A question about Halo

I’ve been reading the Halo paper, and I’ve got a question about the protocol in Fig 1. It seems to me that the commitment S is not necessary, given that the correctness of S_new demonstrates the correctness of C, so if a value v_3 verifies with C, it should hold that v_3 = s(x, y). There is no need to verify it again with S. Plus S is neither used in the recursion process, so can S be eliminated? Or do I miss something here?



the correctness of S_new demonstrates the correctness of C

The correctness of S_new is never established inside the circuit, only that S_old and S_cur are commitments to the same polynomial. Establishing that they’re commitments to the correct polynomial happens outside the circuit (by the “decider” or ultimate verifier of the recursive proof) as it requires linear work. S is indeed used in the recursive process; the values (S_new, y_new) are public inputs to the circuit just like G_new and the challenges from the polynomial commitment scheme. The value S_new takes on the role of S_old in the “next” proof in the recursion.


Thank you very much for the reply! But I’m still confused on this, so please bear with me a bit more…

My understanding of the recursive process:

  1. Once the decider decides that S_new is correct, meaning S_new=Com(s(X, y_new)), and C agrees with S_new on (x, y_new), then C is correct, C=Com(s(x, Y))
  2. If C is correct, and it opens to v_3 at Y = y, then v_3 = s(x, y)
  3. With v_3=s(x, y) the verifier can check the equation ‘t = a(r + s’(x, y))-k(y)’, which concludes the current round
  4. If C agrees with S_old on (x, y_old), and C=Com(s(x, Y)), then S_old is correct, S_old=Com(s(X, y_old)).
  5. Going to the “next” proof S_old becomes S_new. Start over from step 1 (except that we do not need the decider any more).

What do I miss in the deduction, or in which step do I go wrong? Thanks again!


Yes, I think you have a solid grasp on what’s going on.

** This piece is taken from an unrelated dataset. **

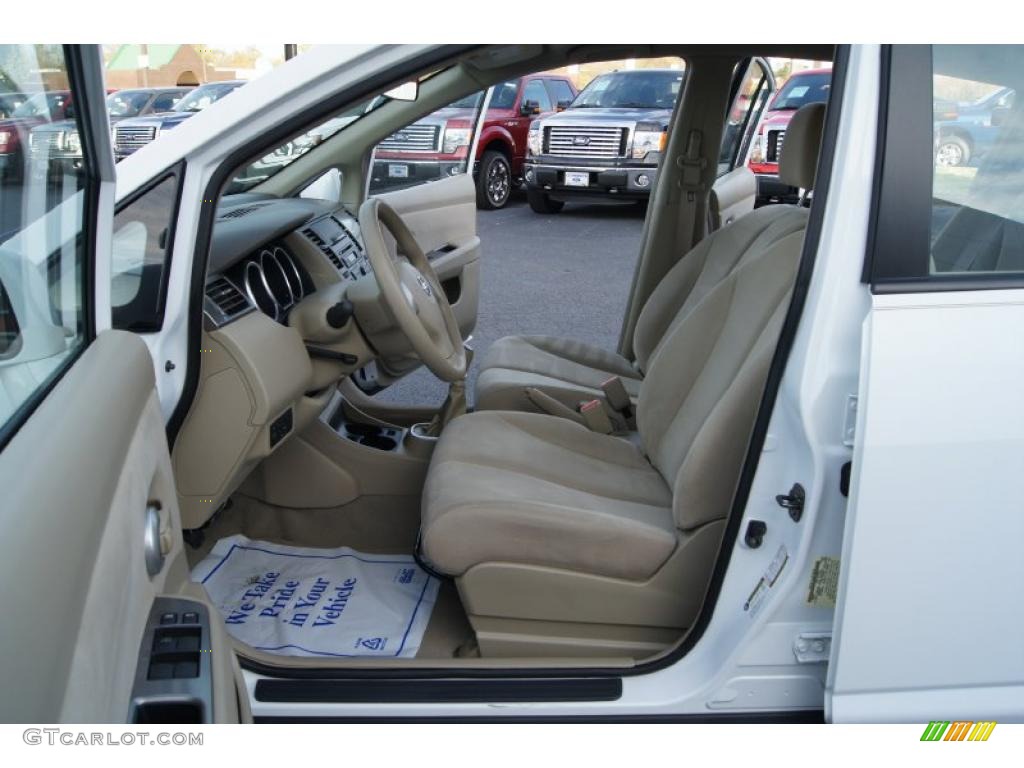 Beige Interior 2007 Nissan Versa S Photo #47378960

I think you’re right, the S value isn’t actually needed because we get s(x, y) from C. It’s just a redundant opening/commitment.

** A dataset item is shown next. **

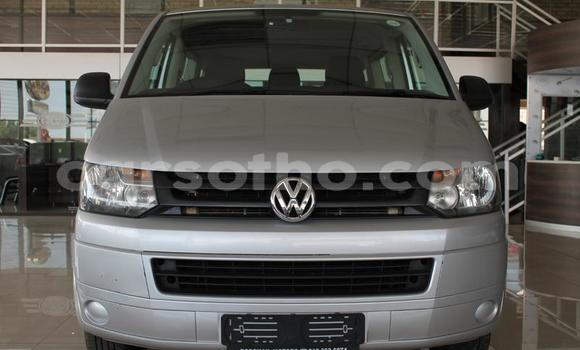 اشتري مستعمل Volkswagen Caravelle Silver سيارة في Maputsoe في Leribe اشتري مستعمل Volkswagen Caravelle Silver سيارة في Maputsoe في Leribe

So the simplified process:

Accumulator: (S, y)

Accumulation step:

  • Verifier samples x, y_cur
  • Prover sends C = Commit(s(x, Y))
  • Prover sends a = s(x, y)
  • Prover sends b = s(x, y_cur)
  • Verifier samples y_new
  • Prover sends S_new = Commit(s(X, y_new))
  • Prover sends c = s(x, y_new)
  • Prover shows C opens at y to a
  • Prover shows S opens at x to a
  • Prover shows C opens at y_cur to b (which it uses to check the proof)
  • Prover shows C opens at y_new to c
  • Prover shows S_new opens at x to c
  • Accumulator is set to (S_new, y_new)


  • Checks that S = Commit(s(X, y))

Cool, Thanks! Happy to know that I do get the brilliant idea of Halo :smiley: